AMBITIOUS ANTIDRUG PLAN FOR COLOMBIA IS FALTERING

WASHINGTON, Oct. 14 - Three months since the United States approved a huge 
aid package for Colombia, the overarching $7.5 billion plan to stabilize 
that nation and thwart its guerrilla movements and drug traffickers is 
already showing signs of disarray, officials and experts say.

European nations have balked at providing donations to help Colombia 
address its social problems, Latin American leaders are voicing concerns 
about creeping United States militarism and the government of President 
Andres Pastrana has been reluctant to promote the plan at home or to 
dedicate funds to it, American officials concede.

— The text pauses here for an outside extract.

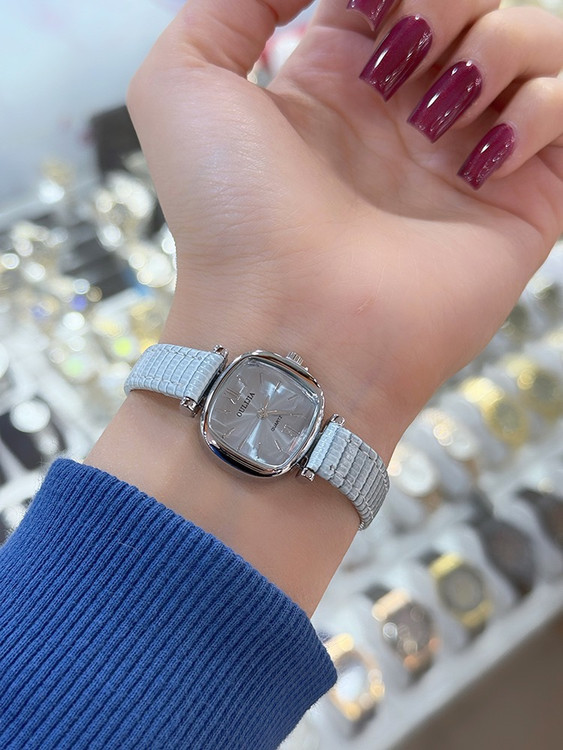 ساعت دخترانه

In a report to Congress this week, the General Accounting Office said "the 
Colombian government has not demonstrated it has the detailed plans, 
management structure and funding necessary" to meet the plan's goals, and 
international financial support from beyond the United States "has yet to 
materialize."

Mr. Pastrana announced the so-called Plan Colombia as an initiative of his 
government a year ago. But the skepticism it has met reflects a concern 
abroad that the plan was drafted by the United States as a way to ease its 
own drug crisis and not as a coherent strategy to lift Colombia from a 
quagmire involving two guerrilla insurgencies, right-wing death squads, a 
faltering economy and a crisis of confidence in government.

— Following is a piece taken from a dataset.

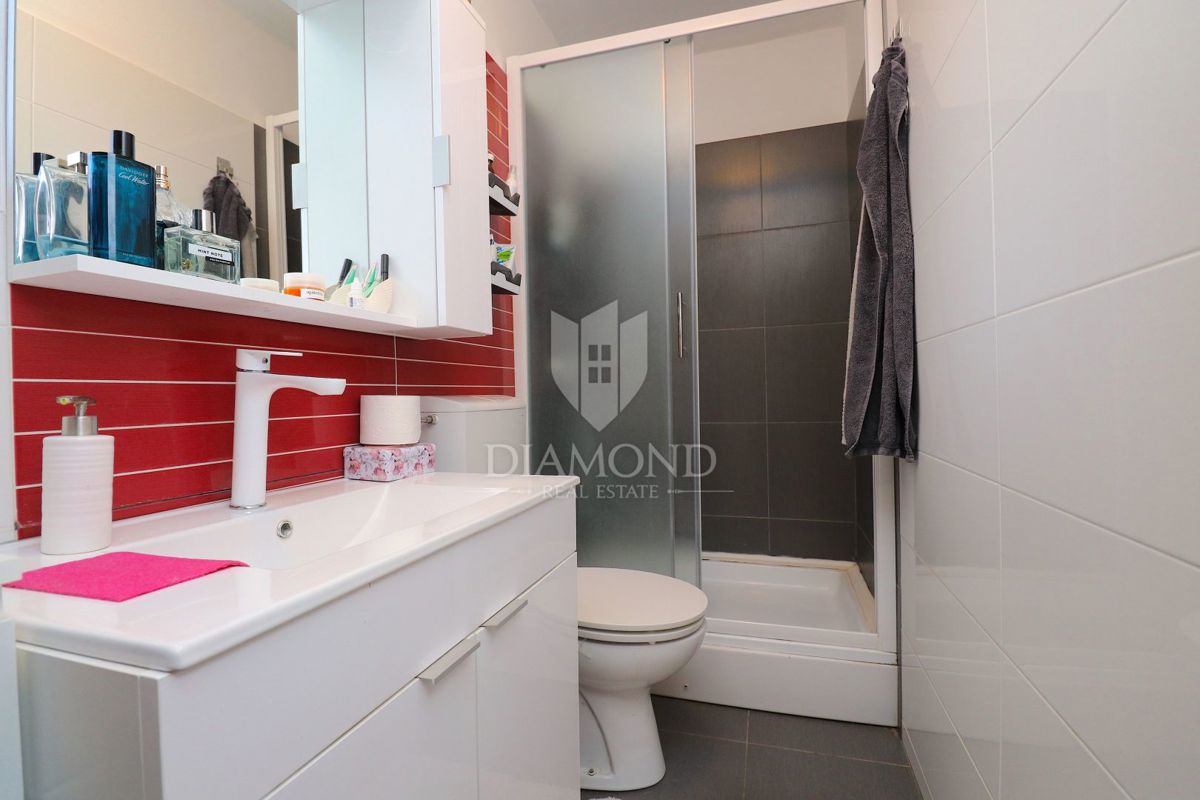 Labin z okolico, čudovita počitniška hiša z dvema stanovanjema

"They see it as something that was cooked up in Washington," said Michael 
Shifter, a senior fellow at the Inter-American Dialogue, a forum for 
leaders from the hemisphere. "If other countries saw this was moving in the 
direction of being more responsive to Colombian concerns, they would 
support it."

Mr. Pastrana set a goal of reducing the coca cultivation and distribution 
of Colombian narcotics by 50 percent over six years. Pledging $4 billion in 
Colombian funds to the effort, he asked for an additional $3.5 billion from 
the United States, Europe and multilateral lenders in order to advance 
Colombia's peace efforts, promote economic development and judicial reform 
and fight drug traffickers.

The Clinton administration in July approved $1.3 billion in mostly military 
aid to Colombia - including more than a dozen Black Hawk helicopters - to 
help the Colombian Army strike into southern territories under the control 
of drug traffickers and guerrillas.

American officials acknowledge the plan cannot succeed without 
international support for the "softer" programs to raise Colombians' living 
standards and provide alternatives to drug trafficking and war.

But European nations so far have failed to pledge funds at hoped-for 
levels. At a donor's conference in Madrid in July, Spain promised to 
contribute $100 million, and Norway pledged $20 million. The United Nations 
promised $131 million, and Japan and international lending institutions 
offered $70 million and $300 million in loans, respectively.

Europe, which is the second-largest consumer of Colombian narcotics, after 
the United States, is still considering its role and may announce 
additional funds at a followup to the Madrid conference on Oct. 24., 
diplomats said.

But one European envoy said the European Union has no intention of 
supporting Plan Colombia.

"The E.U. and member states are supporting the peace process in Colombia 
and not specifically the Plan Colombia, which is an American project," the 
envoy said.

Although the Clinton administration has portrayed Plan Colombia as Mr. 
Pastrana's work, much of it was drafted by American officials, according to 
people familiar with its preparation.

The plan emerged last year after Gen. Barry McCaffrey, the White House 
anti-narcotics coordinator - under pressure from Congressional Republicans 
- - declared that Colombia was a foreign policy "emergency." He noted its 
steady increases in drug cultivation, the widening influence of rebels and 
its general potential to destabilize the region, given Colombia's position 
between the Panama Canal and Venezuela, the largest foreign supplier of oil 
to the United States.

"We've been totally naive in this process, in thinking that's going to 
shake loose some matching funds from the donor community," said a senior 
administration official. "From their perspective, this is our problem."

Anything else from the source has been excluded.